Activity:
Please transcribe exactly, and only, the lines of the data below between the line holding "ഖത്തറിൽ വെ​ള്ള​ക്കെ​ട്ട് നീ​ക്കാ​ൻ" and the line holding "1117-1121 Goodrich Blvd, Los", inclusive.

Data in this exercise:
########

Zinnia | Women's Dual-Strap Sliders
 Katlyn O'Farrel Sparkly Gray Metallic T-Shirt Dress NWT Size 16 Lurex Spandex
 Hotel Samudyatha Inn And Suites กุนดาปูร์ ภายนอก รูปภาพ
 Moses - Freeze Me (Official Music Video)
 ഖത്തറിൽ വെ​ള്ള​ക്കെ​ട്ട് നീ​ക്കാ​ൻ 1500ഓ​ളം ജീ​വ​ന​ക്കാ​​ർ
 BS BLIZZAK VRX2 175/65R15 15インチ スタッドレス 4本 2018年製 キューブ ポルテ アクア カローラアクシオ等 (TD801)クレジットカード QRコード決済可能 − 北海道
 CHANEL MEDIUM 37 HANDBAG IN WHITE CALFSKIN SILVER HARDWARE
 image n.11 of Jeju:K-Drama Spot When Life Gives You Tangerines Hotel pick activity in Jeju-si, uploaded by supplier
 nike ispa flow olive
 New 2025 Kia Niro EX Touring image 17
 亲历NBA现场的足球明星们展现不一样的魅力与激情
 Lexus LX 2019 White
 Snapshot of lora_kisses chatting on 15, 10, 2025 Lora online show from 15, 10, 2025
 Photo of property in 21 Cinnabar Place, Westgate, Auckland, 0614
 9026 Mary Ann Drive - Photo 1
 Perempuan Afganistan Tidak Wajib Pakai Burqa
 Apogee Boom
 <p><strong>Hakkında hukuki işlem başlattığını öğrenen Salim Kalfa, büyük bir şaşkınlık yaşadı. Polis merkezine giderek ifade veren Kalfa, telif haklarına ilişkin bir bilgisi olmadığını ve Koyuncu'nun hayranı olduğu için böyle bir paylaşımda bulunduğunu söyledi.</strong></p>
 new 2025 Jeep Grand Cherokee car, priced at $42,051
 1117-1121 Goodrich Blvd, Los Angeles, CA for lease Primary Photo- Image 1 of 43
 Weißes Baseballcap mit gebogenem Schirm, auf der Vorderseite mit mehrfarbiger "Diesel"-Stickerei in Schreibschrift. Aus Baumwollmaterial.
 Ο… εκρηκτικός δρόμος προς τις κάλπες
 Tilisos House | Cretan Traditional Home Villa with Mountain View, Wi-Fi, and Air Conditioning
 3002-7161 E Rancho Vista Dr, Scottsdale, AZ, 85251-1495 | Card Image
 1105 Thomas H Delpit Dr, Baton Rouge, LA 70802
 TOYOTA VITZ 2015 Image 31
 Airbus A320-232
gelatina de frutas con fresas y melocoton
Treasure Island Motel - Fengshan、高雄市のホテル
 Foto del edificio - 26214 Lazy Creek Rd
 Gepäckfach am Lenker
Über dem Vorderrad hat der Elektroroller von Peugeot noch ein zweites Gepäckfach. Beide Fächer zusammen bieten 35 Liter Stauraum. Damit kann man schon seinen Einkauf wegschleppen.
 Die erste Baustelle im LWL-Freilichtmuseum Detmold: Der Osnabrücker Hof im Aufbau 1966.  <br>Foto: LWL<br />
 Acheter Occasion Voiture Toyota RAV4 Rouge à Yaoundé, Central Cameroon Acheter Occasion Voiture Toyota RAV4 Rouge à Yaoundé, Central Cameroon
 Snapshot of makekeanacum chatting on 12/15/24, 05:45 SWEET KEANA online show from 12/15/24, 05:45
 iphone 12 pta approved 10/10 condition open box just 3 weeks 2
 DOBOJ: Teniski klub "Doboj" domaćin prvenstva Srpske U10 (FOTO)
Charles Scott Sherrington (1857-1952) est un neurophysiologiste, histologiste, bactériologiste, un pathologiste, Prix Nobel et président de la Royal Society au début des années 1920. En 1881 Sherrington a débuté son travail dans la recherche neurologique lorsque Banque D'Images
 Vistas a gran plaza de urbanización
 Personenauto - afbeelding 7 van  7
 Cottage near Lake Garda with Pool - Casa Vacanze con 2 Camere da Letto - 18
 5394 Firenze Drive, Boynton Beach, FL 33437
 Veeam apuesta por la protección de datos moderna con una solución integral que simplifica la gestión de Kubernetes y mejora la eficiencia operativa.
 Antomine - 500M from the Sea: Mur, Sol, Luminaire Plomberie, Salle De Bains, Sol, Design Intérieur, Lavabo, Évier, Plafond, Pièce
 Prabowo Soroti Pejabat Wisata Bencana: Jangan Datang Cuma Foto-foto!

########

Finished task:
 ഖത്തറിൽ വെ​ള്ള​ക്കെ​ട്ട് നീ​ക്കാ​ൻ 1500ഓ​ളം ജീ​വ​ന​ക്കാ​​ർ
 BS BLIZZAK VRX2 175/65R15 15インチ スタッドレス 4本 2018年製 キューブ ポルテ アクア カローラアクシオ等 (TD801)クレジットカード QRコード決済可能 − 北海道
 CHANEL MEDIUM 37 HANDBAG IN WHITE CALFSKIN SILVER HARDWARE
 image n.11 of Jeju:K-Drama Spot When Life Gives You Tangerines Hotel pick activity in Jeju-si, uploaded by supplier
 nike ispa flow olive
 New 2025 Kia Niro EX Touring image 17
 亲历NBA现场的足球明星们展现不一样的魅力与激情
 Lexus LX 2019 White
 Snapshot of lora_kisses chatting on 15, 10, 2025 Lora online show from 15, 10, 2025
 Photo of property in 21 Cinnabar Place, Westgate, Auckland, 0614
 9026 Mary Ann Drive - Photo 1
 Perempuan Afganistan Tidak Wajib Pakai Burqa
 Apogee Boom
 <p><strong>Hakkında hukuki işlem başlattığını öğrenen Salim Kalfa, büyük bir şaşkınlık yaşadı. Polis merkezine giderek ifade veren Kalfa, telif haklarına ilişkin bir bilgisi olmadığını ve Koyuncu'nun hayranı olduğu için böyle bir paylaşımda bulunduğunu söyledi.</strong></p>
 new 2025 Jeep Grand Cherokee car, priced at $42,051
 1117-1121 Goodrich Blvd, Los Angeles, CA for lease Primary Photo- Image 1 of 43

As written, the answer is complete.